▸ Records supplied
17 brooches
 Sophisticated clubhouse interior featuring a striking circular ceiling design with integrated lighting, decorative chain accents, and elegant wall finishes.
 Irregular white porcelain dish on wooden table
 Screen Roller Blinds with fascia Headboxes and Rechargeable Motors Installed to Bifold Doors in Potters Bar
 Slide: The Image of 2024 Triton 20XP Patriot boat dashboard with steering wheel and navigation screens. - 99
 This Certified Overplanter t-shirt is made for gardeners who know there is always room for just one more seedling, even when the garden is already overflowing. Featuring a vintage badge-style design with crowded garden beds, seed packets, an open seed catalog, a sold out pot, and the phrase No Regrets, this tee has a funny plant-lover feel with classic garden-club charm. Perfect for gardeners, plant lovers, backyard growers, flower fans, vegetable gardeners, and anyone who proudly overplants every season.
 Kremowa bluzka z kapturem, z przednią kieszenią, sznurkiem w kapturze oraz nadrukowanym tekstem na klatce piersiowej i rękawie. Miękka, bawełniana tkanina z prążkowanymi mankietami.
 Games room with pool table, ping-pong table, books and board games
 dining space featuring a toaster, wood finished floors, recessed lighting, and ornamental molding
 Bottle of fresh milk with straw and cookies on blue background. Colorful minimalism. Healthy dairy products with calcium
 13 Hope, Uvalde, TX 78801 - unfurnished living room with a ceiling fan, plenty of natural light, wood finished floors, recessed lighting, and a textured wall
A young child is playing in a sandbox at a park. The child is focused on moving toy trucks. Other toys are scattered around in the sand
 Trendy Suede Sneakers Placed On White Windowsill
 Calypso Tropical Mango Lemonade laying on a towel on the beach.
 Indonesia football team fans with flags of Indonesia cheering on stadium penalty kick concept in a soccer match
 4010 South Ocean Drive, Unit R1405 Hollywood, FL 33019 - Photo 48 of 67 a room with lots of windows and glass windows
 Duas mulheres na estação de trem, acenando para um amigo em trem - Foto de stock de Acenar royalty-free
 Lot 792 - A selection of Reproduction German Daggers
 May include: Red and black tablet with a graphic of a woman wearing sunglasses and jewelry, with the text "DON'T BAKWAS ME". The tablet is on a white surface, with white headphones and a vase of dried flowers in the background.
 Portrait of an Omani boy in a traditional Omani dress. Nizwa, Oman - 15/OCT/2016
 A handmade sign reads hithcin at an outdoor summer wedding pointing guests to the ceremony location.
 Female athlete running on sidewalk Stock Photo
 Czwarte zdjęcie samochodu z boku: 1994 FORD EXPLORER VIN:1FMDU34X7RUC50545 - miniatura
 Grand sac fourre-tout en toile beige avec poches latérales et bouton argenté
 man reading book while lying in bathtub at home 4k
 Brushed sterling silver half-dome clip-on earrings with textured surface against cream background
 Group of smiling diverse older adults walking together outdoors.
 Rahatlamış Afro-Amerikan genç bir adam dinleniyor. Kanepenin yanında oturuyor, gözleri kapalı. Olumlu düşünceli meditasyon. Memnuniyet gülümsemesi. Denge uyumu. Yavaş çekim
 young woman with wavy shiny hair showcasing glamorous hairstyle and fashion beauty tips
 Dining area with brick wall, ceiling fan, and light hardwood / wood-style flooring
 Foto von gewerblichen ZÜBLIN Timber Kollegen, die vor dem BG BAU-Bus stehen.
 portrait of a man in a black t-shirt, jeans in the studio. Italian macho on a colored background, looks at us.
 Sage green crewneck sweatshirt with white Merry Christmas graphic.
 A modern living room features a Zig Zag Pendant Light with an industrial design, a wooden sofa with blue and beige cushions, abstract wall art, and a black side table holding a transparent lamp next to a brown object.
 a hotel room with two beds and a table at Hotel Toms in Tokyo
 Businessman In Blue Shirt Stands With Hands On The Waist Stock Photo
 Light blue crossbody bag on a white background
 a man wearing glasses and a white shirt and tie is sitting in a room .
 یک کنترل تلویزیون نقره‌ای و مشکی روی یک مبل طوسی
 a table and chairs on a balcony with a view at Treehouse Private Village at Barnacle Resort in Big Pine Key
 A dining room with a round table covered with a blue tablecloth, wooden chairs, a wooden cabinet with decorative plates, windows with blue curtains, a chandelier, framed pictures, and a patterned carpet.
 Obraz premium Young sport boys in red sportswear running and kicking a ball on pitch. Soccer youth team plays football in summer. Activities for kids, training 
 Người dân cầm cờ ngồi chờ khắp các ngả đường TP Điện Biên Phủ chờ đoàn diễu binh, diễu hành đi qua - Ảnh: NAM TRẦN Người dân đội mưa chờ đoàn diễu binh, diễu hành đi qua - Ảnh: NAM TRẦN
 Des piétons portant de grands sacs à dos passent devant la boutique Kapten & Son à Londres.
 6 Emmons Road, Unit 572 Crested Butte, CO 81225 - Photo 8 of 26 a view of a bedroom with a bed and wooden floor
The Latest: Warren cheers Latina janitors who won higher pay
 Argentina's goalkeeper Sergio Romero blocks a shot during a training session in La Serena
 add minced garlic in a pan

▸ How to complete this task
Find how many lines of the listing include the string "training" and give that number, nothing else.

▸ Result of this task
2